● THE PROBLEM: Could you set down every entry exactly as it stands, without the images?

== Segment start ==

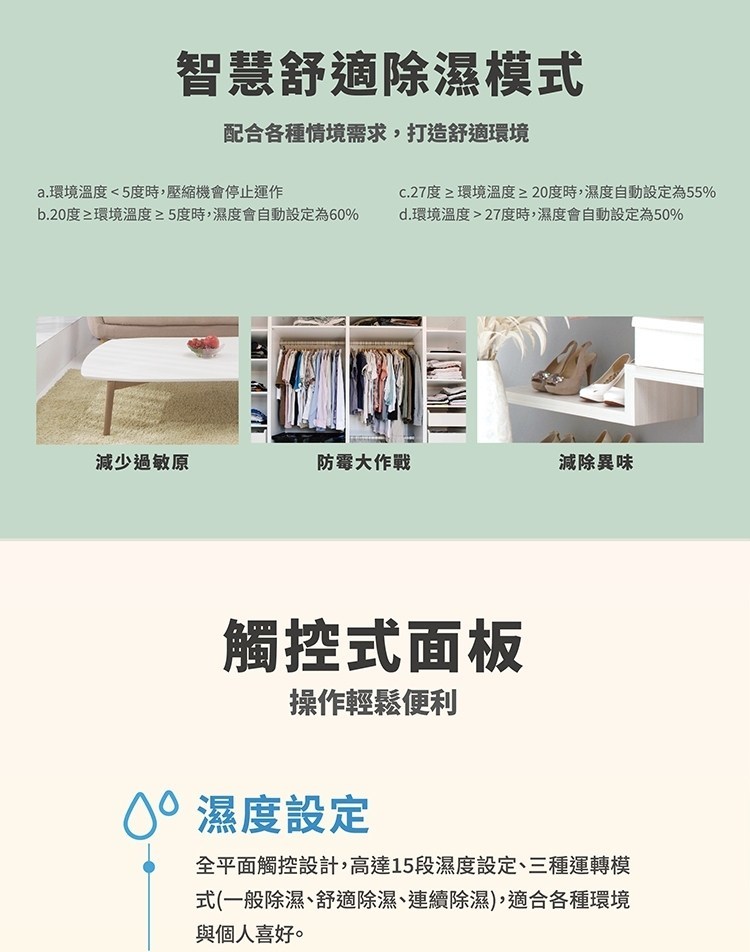 聲寶 AD-S512T 除濕機 6L/日 銀離子前置濾網 一級能效 定時設定 智慧舒適除濕模式
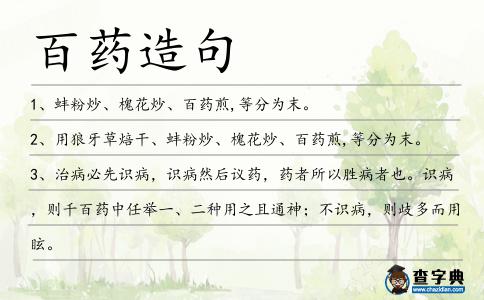 百藥造句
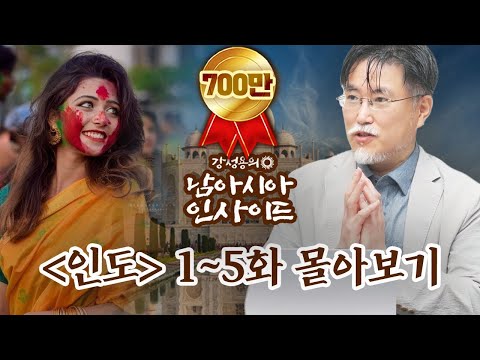 [몰아보기] 강성용의 남아시아 인사이드 (인도) 1~5화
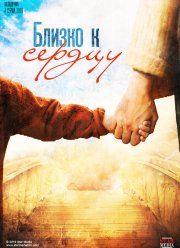 ������ � ������ / �� ����� ����� (2019)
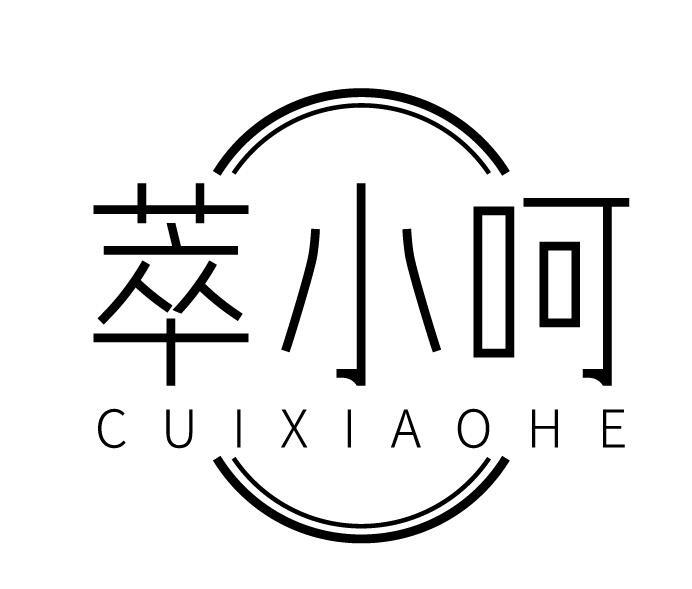 萃小呵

== Segment end ==

● SOLUTION FOR THIS EXERCISE:
 聲寶 AD-S512T 除濕機 6L/日 銀離子前置濾網 一級能效 定時設定 智慧舒適除濕模式
 百藥造句
 [몰아보기] 강성용의 남아시아 인사이드 (인도) 1~5화
 ������ � ������ / �� ����� ����� (2019)
 萃小呵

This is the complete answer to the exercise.